To Teach First’s director of graduate recruitment James Darley, the mixture of academic strength, strength of purpose and leadership skills displayed by those chosen to fly the Teach First flag has already had a marked impact.

“We know from Ofsted, from heads and from teachers that sending highly able and committed young people into schools with poor results can make a huge difference in terms of pupil motivation and expectation,” he says, adding that the scheme continues to challenge the perception that the current generation is “self-obsessed and ego-driven”.

Although the 2:1 degree and the 300 Ucas points required of a Teach First graduate makes the programme challenging academically, the core competencies of humility, resilience and self-evaluation can be far harder for applicants to wrestle with.

“For those willing to respect pupils and other teachers and display real leadership skill, Teach First can be a vital stepping stone to careers in education and elsewhere,” adds Darley.

If the Teach First programme recognises the contribution that can be made by raw recruits, the Advanced Skills Teaching (AST) programme – for so-called super teachers – emphasises the importance of experience. Working both in their own and partner schools, ASTs have received praise from Ofsted for their contribution in raising standards.

“We recognise that it is important to give teachers a number of different professional pathways after some years in teaching,” says Francis.

“We are delighted that some 6,000 teachers have been accepted for AST status and will remain at the heart of the classroom where they can make a significant impact.”

‘My chief contribution was being a role model’

Emily Miller, 25, a social anthropology graduate from Manchester University joined the Teach First programme in 2006; teaching citizenship, RE and music at a Manchester girls’ secondary school. She is currently helping develop a school citizenship programme at the Institute of Philanthropy and is a Teach First ambassador.

“When you’re selected for a Teach First place, the message is that you are exceptional and unusually able. While it’s great to be built up like this, it’s also vital that you are sensitive to the needs of the children and to the feelings of the other teachers – who may feel that you are muscling in.

My chief contribution was being a role model for a group of girls who didn’t necessarily appreciate the range of opportunities available to them and whose expectations were fairly low. But despite being in a challenging school, and perhaps having problems at home, some of the girls were still motivated to do better, and I saw it as my job to keep reminding them that with some hard work, they could fulfil their potential.

By the end of my time there, many of the pupils on my GCSE citizenship course had outperformed all expectations and some were keen on applying to university. I still mentor one of the girls to this day.”

‘You have to be patient and good humoured’

Paul Keogh, a French language and literature graduate from the University of Liverpool, became an Advanced Skills Teacher (AST) in 2001 and was named Secondary School Teacher of the Year in 2003. Now 45, he is head of languages at King James’s Grammar School in Knaresborough, North Yorkshire.

“I don’t like the term ‘super teacher’ because it upsets other members of staff, but having been faced with the choice, mid-way through my career, of either moving further into management or staying in the classroom, becoming an AST was an obvious choice for me.

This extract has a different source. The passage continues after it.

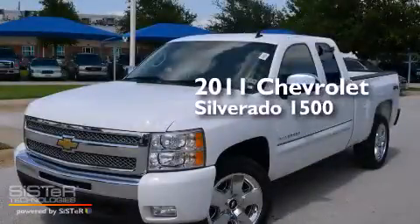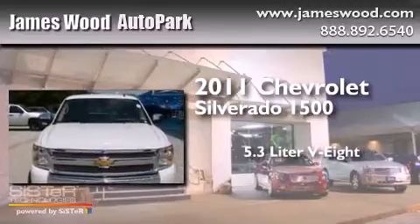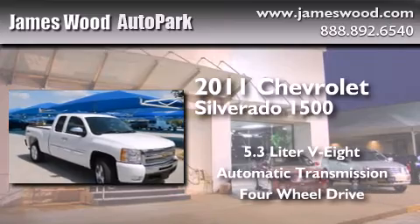This is a 2011 Chevrolet Silverado 1500. It has a 5.3-liter, eight-cylinder engine, an automatic transmission, and the added safety and control of four-wheel drive.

Although my mind is fully focused on the children I teach at King James’s and their different abilities in languages, an important part of my role as an AST is to support teachers in other schools by observing and coaching them.

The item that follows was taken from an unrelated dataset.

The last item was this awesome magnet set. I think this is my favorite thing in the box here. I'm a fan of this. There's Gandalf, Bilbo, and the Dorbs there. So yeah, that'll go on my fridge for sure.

Talking to other teachers in different settings about how to make languages more fun for the children, or showing good practice to student teachers in my own school, is a role I love; despite all the joshing I receive from my own colleagues.

You have to be patient and good humoured when you teach a foreign language and whatever title you end up with, you need to keep on learning. The day I stop doing that is the day I stop teaching.”